Generating text in three italic language styles: Dante, Italian and Neapolitan, using a cVAE based on RNNs 🖋️📖

Pytorch implementation of Text Generation.

The goal of this project is to generate text in Dante, Italian, and Neapolitan language style, using a Conditional Variational Autoencoder where both Encoder and Decoder are Recurrent Neural Networks. The VAE is conditioned using style labels, following the idea taken from Medium website:

Basically a one-hot encoded label is projected into latent space dimensions and added to the latent variable in order to decode an output belonging to that style label.
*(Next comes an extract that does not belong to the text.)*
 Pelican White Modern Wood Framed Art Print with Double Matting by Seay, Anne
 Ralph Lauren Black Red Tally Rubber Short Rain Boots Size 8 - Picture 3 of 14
During inference phase the model decodes a sentence starting from $z \sim \mathcal{N}_{0, 1}$ + projected (given) label.

I took in consideration 3 models:

RNN cVAE: both Encoder and Decoder are RNN
GRU cVAE: both Encoder and Decoder are RNN with GRU units
LSTM cVAE: the Encoder is a LSTM and the Decoder a GRU

The Word Embedding layer has been initialized using a Word2vec model.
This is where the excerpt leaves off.